I want to create a bunch of histograms from grouped data in pandas dataframe. Here's a link to a similar question. To generate some toy data that is very similar to what I am working with you can use the following code:
from pandas import DataFrame
import numpy as np
x = ['A']*300 + ['B']*400 + ['C']*300
y = np.random.randn(1000)
df = DataFrame({'Letter':x, 'N':y})
I want to put those histograms (read the binned data) in a new dataframe and save that for later processing. Here's the real kicker, my file is 6 GB, with 400k+ groups, just 2 columns.

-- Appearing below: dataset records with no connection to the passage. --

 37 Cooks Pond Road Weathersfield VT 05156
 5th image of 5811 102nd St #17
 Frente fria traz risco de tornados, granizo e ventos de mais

I've thought about using a simple for loop to do the work:
data=[]
for group in df['Letter'].unique():
data.append(np.histogram(df[df['Letter']==group]['N'],range=(-2000,2000),bins=50,density=True)[0])
df2=DataFrame(data)
Note that the bins, range, and density keywords are all necessary for my purposes so that the histograms are consistent and normalized across the rows in my new dataframe df2 (parameter values are from my real dataset so its overkill on the toy dataset). And the for loop works great, on the toy dataset generates pandas dataframe of 3 rows and 50 columns as expected. On my real dataset I've estimated that time to completion of the code would be around 9 days. Is there any better/faster way to do what I'm looking for?
P.S. I've thought about multiprocessing, but I think the overhead of creating processes and slicing data would be slower than just running this serially (I may be wrong and wouldn't mind to be corrected on this one).